In what they're calling an incremental advance, the researchers report using 192 lasers to compress a pellet of fuel as a step toward creating a controlled fusion-energy reaction by mimicking the interior of the sun inside a laboratory.
There's a long way to go before a functioning fusion reactor can run on a common form of hydrogen found in seawater, creating massive amounts of energy while emitting minimal nuclear waste, they said.
What was achieved was not fusion "ignition," scientists at the Lawrence Livermore National Laboratory said, since their experiment required much more energy on the front end from all the laser shots than came out the back end.

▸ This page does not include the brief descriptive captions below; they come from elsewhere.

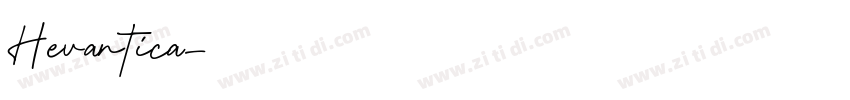 Hevantica字体转换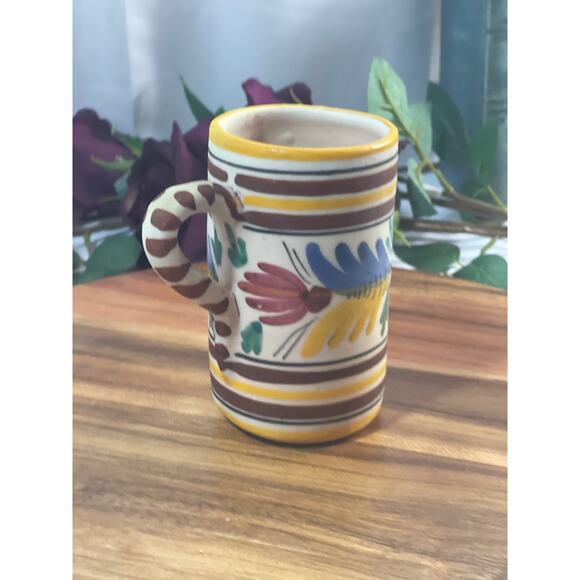 Unique Signed Artisan Hand-Painted Ceramic Mug | 5" Tall - Picture 3 of 6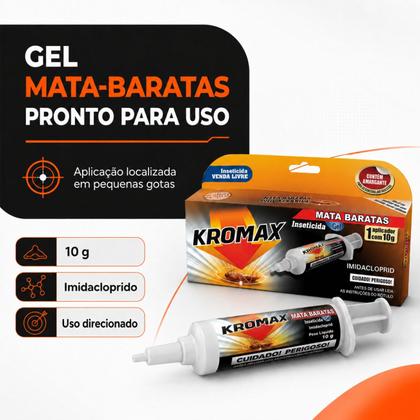 Imagem de Kit 2 Kromax Gel Mata Barata Francesinha 10g Cada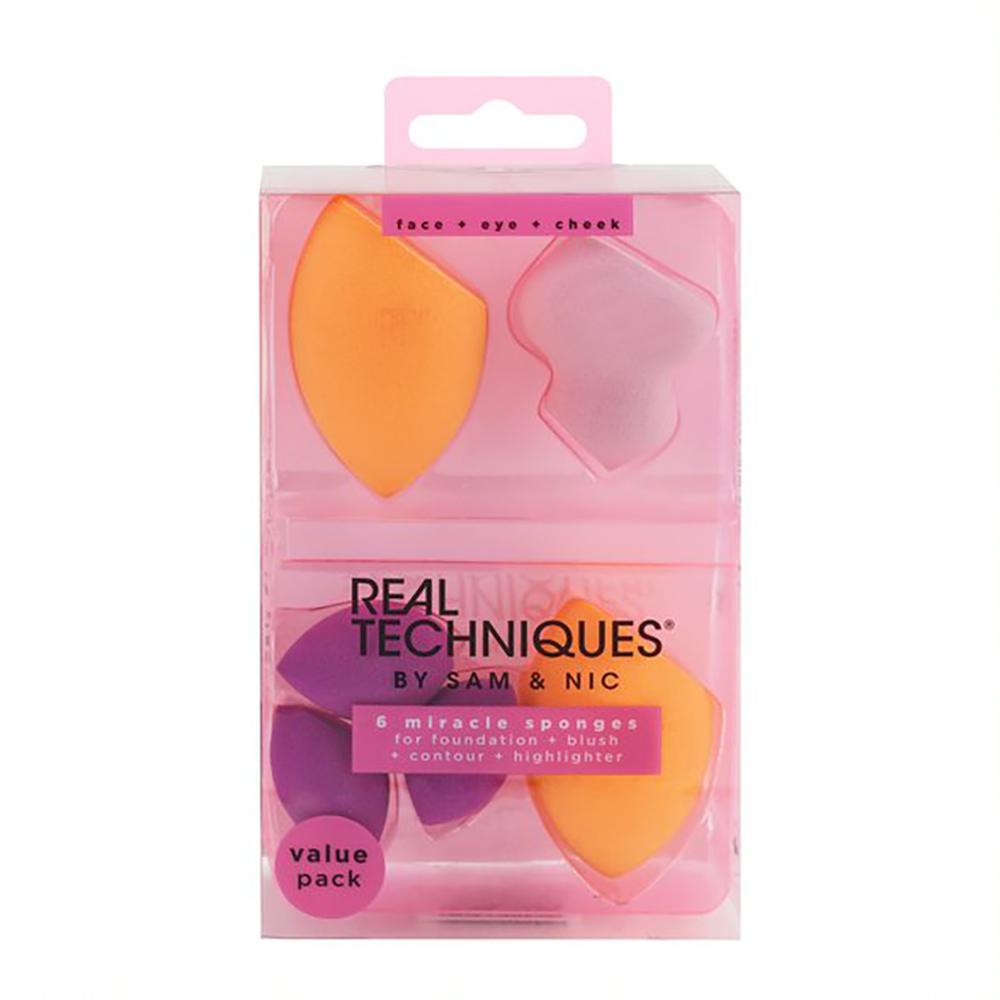 Real Techniques 6 Miracle Complexion Sponges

Still, when briefly compressed by the laser pulses, the isotopes in the fuel pellet fused, generating new particles and heating up the fuel further and generating still more nuclear reactions, particles and heat, they reported in the journal Nature.
The effect -- known as "alpha heating" -- is an important goal in fusion research, researchers not involved in the Livermore work said.
"It's the first sign that they're getting what we call self-heating," Stewart Prager of the Princeton Plasma Physics Laboratory in New Jersey told the Washington Post.
He said he's optimistic about achieving fusion energy in the long run.
"In 30 years, we'll have electricity on the grid produced by fusion energy -- absolutely," Prager said. "I think the open questions now are how complicated a system will it be, how expensive it will be, how economically attractive it will be."